Curiosity about my parents’ experiences coincided with the blossoming of what turned out to be my lifelong passion for films and film history, and I discovered that studying the Hollywood Blacklist gave me a framework to understand what my parents had lived through. A friend jokingly commented that, while my classmates could rattle off the starting lineup of the New York Yankees, I could name all the members of the “Hollywood Ten.”
I had become hooked, watching old films on TV at a young age. I went to Columbia College and University of California, Berkeley, where there were many opportunities to catch up on films while putting off writing English Literature papers. I moved to Vermont in 1970, and shortly afterward founded the Lightning Ridge Film Society, which morphed into the Savoy Theater in 1981. I was one of the founders of Montpelier’s Green Mountain Film Festival, and was its Programming Director until 2012.
I arrived in Vermont shortly after the end of the Phil Hoff years, when Vermont had finally become a two-party state. The Liberty Union had just been founded by Bernie Sanders, William H. Meyer, and others in response to the Democratic Party’s tepid reaction to the Vietnam War. It didn’t take me long to start wondering what had transpired here during the late 40s and early 50s. Eventually, I met two others who shared my interest: Michael Sherman, who arrived in the mid-1980s to head the Vermont Historical Society, and Richard Hathaway, a history instructor—first at Goddard College and then at Vermont College’s Adult Degree Program. The three of us organized the 1988 conference, “Vermont in the McCarthy Era,” which (of course) had a film component: “Point of Order,” “The Front,” and “Hollywood on Trial.” It was this conference that planted the seeds for this book.

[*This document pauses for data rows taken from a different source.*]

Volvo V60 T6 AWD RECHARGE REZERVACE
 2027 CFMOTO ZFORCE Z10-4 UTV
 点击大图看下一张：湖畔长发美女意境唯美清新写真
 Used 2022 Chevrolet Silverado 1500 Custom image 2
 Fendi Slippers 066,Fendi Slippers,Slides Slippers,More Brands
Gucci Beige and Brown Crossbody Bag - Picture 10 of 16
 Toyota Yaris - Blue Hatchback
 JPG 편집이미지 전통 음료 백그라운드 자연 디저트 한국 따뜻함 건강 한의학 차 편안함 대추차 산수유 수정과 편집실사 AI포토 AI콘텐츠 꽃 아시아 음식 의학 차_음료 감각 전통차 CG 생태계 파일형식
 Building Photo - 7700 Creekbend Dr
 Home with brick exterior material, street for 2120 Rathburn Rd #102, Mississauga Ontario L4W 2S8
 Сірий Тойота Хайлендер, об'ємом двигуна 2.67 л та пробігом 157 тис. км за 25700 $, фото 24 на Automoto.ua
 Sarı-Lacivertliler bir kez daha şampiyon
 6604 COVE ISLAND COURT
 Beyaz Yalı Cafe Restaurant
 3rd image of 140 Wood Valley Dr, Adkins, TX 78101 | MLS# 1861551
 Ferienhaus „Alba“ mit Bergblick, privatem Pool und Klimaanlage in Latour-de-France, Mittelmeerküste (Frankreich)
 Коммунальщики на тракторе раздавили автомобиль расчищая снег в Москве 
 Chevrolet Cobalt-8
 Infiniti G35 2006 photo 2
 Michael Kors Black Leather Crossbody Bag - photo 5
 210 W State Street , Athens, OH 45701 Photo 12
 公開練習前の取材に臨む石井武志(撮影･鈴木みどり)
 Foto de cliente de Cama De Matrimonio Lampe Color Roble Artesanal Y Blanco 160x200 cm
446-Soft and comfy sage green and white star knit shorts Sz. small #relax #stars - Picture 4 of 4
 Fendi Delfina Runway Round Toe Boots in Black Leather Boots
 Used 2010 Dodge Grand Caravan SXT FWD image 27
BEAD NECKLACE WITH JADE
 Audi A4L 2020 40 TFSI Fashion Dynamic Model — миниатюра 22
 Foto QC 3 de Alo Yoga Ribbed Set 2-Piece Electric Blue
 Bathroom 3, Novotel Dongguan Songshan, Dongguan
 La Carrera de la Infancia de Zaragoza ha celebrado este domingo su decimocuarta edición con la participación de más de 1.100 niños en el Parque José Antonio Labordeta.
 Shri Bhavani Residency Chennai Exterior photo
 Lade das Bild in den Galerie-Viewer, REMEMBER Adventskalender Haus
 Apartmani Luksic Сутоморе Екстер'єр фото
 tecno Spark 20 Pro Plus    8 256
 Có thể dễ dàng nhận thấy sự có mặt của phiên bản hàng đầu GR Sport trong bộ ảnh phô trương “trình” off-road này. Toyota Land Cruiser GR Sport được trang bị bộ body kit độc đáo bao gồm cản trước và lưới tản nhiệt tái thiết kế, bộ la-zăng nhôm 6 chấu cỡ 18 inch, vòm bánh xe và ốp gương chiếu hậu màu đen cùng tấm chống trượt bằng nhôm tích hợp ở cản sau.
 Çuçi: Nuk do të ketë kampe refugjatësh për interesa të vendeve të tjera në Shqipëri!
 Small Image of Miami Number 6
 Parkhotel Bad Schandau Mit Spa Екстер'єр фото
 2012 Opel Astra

My wife, Andrea Serota, and I sold the Savoy Theater in 2009, and since then, I have been teaching film at Burlington College, Community College of Vermont (Montpelier), and the Montpelier Senior Activity Center, while speaking on film subjects for the Vermont Humanities Council. Some of my other interests are music (playing traditional music of all kinds on the accordion), constructing twice-monthly “double crostic” puzzles for the Times Argus/Rutland Herald, and the renovation of the Adamant Community Club, a former one-room schoolhouse just down the road from where we live in Calais.